102 min. | PG
Disney’s 1977 Pete’s Dragon was mostly live-action, except for the key element of the cartoonish, mischievous giant beast itself. A CGI dragon do-over must’ve been irresistible.
This new dragon, Elliot, is a delight and a marvel. A sweet-faced creature of green fur and exuberant spirit, he may be monstrously enormous, but he’s hardly a monster. He’s more like a big dog, chasing his own tail in one bit (awww). He loves the orphaned boy, Pete (Oakes Fegley), who lives like Mowgli in the Pacific Northwest forests.

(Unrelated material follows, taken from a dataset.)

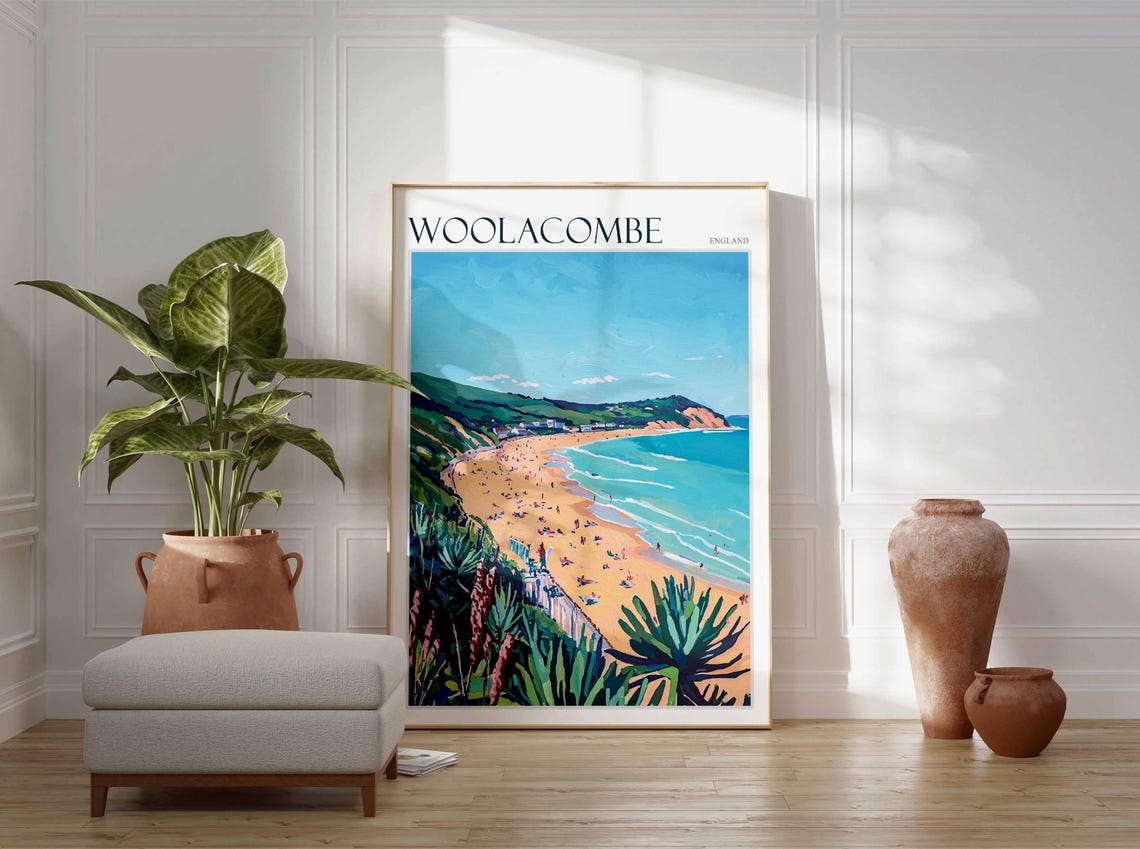 Woolacombe England Dune View Tropical Flowers Beach Travel Poster - Image 2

This new Pete’s Dragon has more in common with Disney’s recent Jungle Book remake than with the 1977 original. This one is set in the 1980s and it’s no longer a musical, and even has more in common with E.T., with its tale of a lonely boy protecting his fantastical friend from adults who would harm him.
Director and cowriter David Lowery’s previous features are on the arthouse end of the spectrum. Maybe going in the other direction—family entertainment—led to the film’s mildness, at times drifting into dullness. There’s little frenetic, colorful action that typifies kid movies today. Less than a rollicking adventure, it’s like a pleasant walk in the redwood forest where Pete and Elliot live.
There’s surprisingly little drama, too. When park ranger Grace (Bryce Dallas Howard) discovers Pete living in the woods—he’s been alone there with Elliot for six years after an outing ended in a car wreck that killed his parents—it’s easier than we’d expect for Pete to return to civilization. He’s dirty and disheveled, but hardly feral. He slides easily back into the world with Grace, her logging boyfriend Jack, and Jack’s daughter, Natalie. Pete’s worried about Elliot, particularly when Jack’s friend, Gavin, wants to go dragon hunting.
The movie isn’t enough of anything—not scary or funny enough. But its sereneness and warm heart is infectious. It tells a familiar story, but avoids clichés that might’ve rendered it tiresome.
Gavin turns out not to be as villainous as he could’ve been. I appreciate Grace’s portrayal. Her father (Robert Redford) has been scaring local kids for years with his story of a dragon encounter in the woods, and Grace has been scoffing at that for years, because she knows the forest and has seen no evidence of dragons. It would’ve been easy to portray her as the no-imagination grump in a lazy parable about keeping an open mind. But the movie doesn’t.
I was left in happy tears at the end of the film. Pete’s Dragon’s magic is understated, soft, clean and lovely.